Units issue

There seems to be some confusion as to how the mpl unit system works, I hope the following will help to clarify that and keep this
thread focused on the issue.

Currently mpl provides an API via the 'ConversionInterface' class in 'matplotlb.units' that allows a user to define how to translate
their data into something meaningful for mpl to process (i.e. floats). If you are already passing around floats, then this
interface is not for you. This interface is for typed data that is to be plotted (i.e. it needs to be "manipulated" to convert it
to a float).

This manipulation is handled via the user-defined and registered ConversionInterface sub-class.
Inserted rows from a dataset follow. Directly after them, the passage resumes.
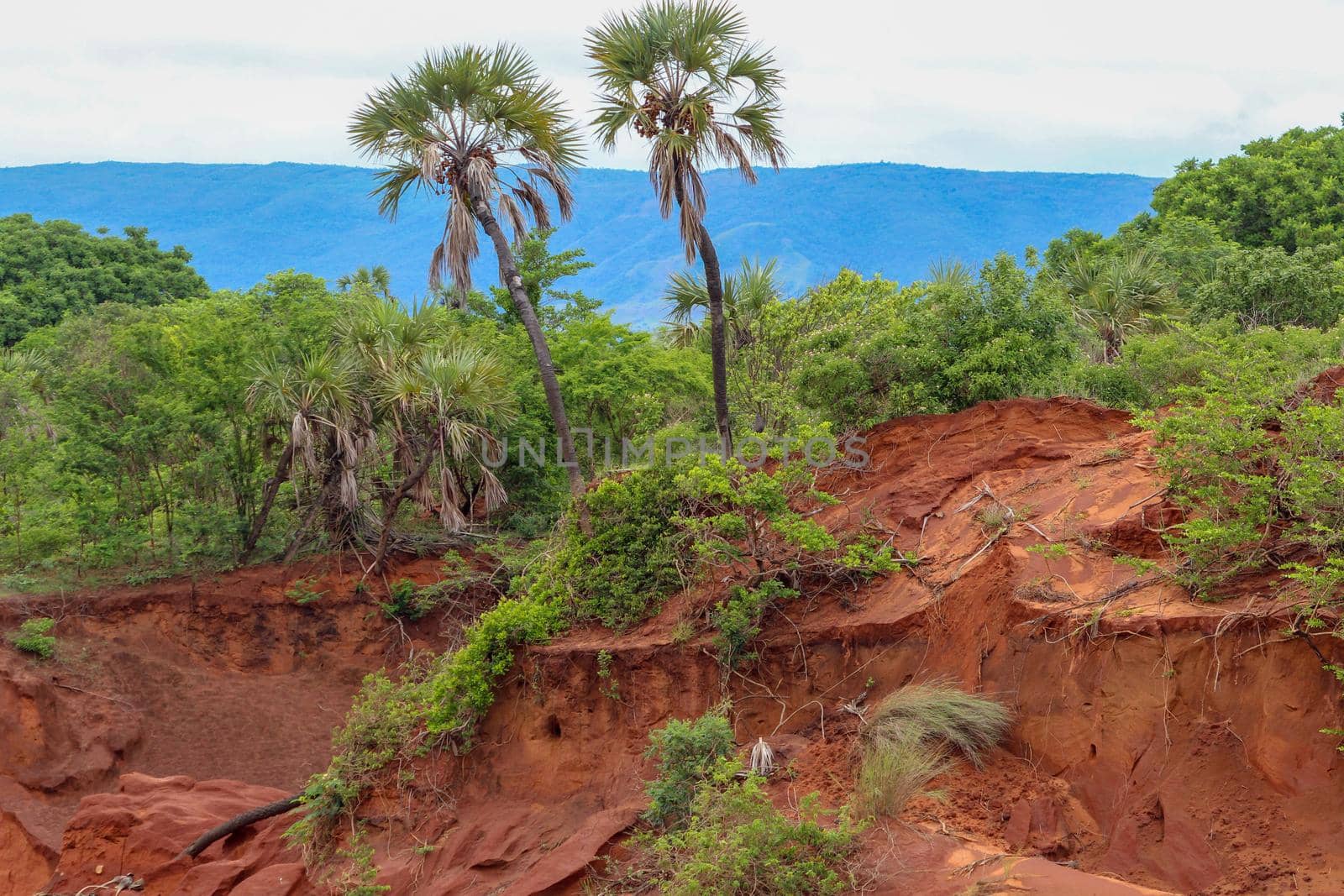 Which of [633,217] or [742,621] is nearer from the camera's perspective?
[742,621]

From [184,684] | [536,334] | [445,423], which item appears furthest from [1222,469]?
[184,684]

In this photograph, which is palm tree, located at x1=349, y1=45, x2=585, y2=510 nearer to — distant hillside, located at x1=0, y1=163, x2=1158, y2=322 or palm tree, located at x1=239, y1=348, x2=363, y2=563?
palm tree, located at x1=239, y1=348, x2=363, y2=563

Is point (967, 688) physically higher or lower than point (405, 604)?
higher

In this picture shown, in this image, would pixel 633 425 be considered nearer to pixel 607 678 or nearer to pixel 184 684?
pixel 184 684

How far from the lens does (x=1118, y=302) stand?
21.1 meters

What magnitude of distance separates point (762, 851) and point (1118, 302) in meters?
15.9

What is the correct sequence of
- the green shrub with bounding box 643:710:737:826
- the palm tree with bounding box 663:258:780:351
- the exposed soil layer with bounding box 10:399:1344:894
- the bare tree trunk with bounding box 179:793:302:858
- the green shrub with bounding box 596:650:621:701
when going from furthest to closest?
the palm tree with bounding box 663:258:780:351
the bare tree trunk with bounding box 179:793:302:858
the green shrub with bounding box 596:650:621:701
the green shrub with bounding box 643:710:737:826
the exposed soil layer with bounding box 10:399:1344:894

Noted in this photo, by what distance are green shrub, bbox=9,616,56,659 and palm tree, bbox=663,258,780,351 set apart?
471 inches

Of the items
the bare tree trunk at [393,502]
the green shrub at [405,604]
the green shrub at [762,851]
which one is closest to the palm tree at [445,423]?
the bare tree trunk at [393,502]

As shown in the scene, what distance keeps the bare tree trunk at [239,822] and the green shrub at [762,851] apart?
7.18m

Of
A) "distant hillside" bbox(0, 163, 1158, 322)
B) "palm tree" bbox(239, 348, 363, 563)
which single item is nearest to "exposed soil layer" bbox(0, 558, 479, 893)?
"palm tree" bbox(239, 348, 363, 563)

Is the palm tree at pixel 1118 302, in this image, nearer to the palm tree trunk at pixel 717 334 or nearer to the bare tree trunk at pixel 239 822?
the palm tree trunk at pixel 717 334

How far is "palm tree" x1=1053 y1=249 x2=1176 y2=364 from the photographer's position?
21.1 meters

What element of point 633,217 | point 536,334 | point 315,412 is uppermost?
point 633,217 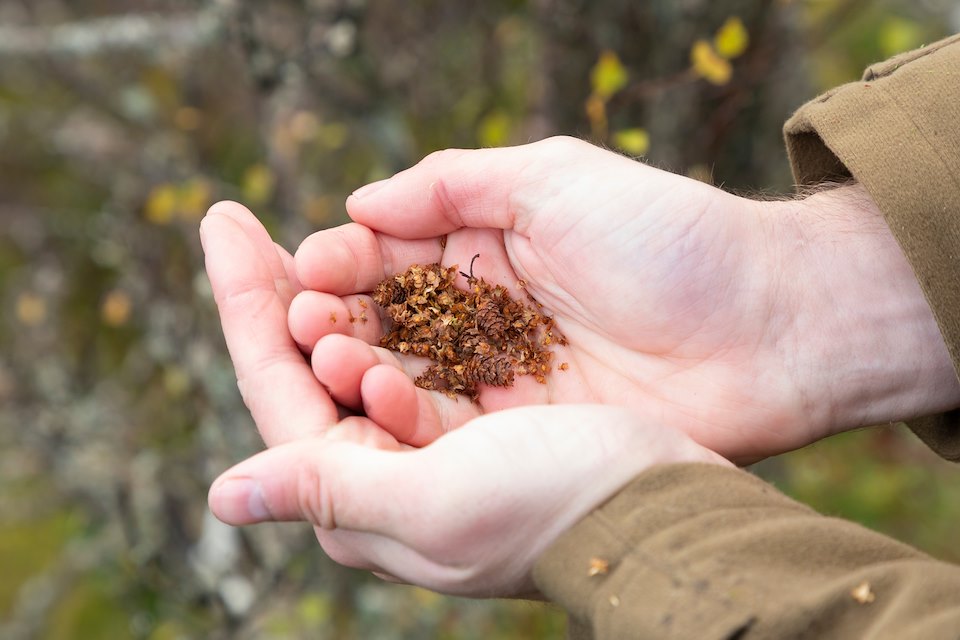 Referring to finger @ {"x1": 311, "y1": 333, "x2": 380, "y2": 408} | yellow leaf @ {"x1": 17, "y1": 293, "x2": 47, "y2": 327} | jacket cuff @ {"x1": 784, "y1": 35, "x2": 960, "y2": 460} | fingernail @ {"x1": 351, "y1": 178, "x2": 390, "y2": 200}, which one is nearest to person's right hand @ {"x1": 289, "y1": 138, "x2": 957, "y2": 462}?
fingernail @ {"x1": 351, "y1": 178, "x2": 390, "y2": 200}

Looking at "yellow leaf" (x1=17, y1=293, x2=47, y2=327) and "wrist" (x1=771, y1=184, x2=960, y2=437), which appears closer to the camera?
"wrist" (x1=771, y1=184, x2=960, y2=437)

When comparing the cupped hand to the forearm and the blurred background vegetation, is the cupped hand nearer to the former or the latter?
the blurred background vegetation

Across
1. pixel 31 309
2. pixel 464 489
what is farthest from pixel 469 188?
pixel 31 309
The idea is not that a user will do the following:

ax.plot( cms )
ax.plot( inches )

As that would imply that the user has already converted their data to floats. But that the user will this intead:

ax.plot( length_data1 )
ax.plot( length_data2 )

Where the length_dataX is some user-defined data type and a user-defined conversion class has been pre-registered. mpl will choose
the default units based upon what the user-defined conversion class says the default should be. But if a more explicit
specification is required, then the user does the following instead:

ax.plot( length_data1, xunits="cm" )
ax.plot( length_data2 )

This would plot the length data in centimeters. If desired then the user can do the following:

ax.xaxis.set_units( "cm" )

And the plot would be updated. The following also currently works:

ax.plot( length_data1, xunits="cm" )
ax.plot( length_data2, xunits="inches" )

And the final plot would be in inches. The current mpl interface for units is quite robust and supports a very generic interface
that is highly user-customizable (should the user want to do so). The interface is so robust that I defined a simple converter
class that will "convert" strings to floats. I use this with bar plots and do something like the following:

ax.bar( ["a", "b', "c"], [1, 2, 3] )

An example can be seen in the matplotlib 'test/mplTest/units/StrConverter.py' file. Additionally other unit example classes can be
found in the 'test/mplTest/units' directory.

The issue is, as John has already stated with the individual plot functions. 'ax.plot' works perfectly fine due to the way the line
data is cached and updated as needed (the updates take into account if units might have changed). Some individual plot functions
strip out the units then manipulate the data, and others keep the unitized data and pass it along to be stripped out later. The
issue is getting a consistent mechanism for dealing with where the conversion is to occur.

I think that John's proposal of having higher level classes that handle this (as well as the caching) might be the way to go. It
would allow the individual plot functions to stay simplistic and true to what they provide and let the data handle itself. This
type of mechanism promises to be faster since the data only needs to be converted once (in the typical use case). Overhead of
re-converting would only occur when the user explicitly changes the units for a specified axis. Additionally this approach looks to
be more appealing when it comes to making plottable data items that are selectable and ultimately manipulatable via a gui interface.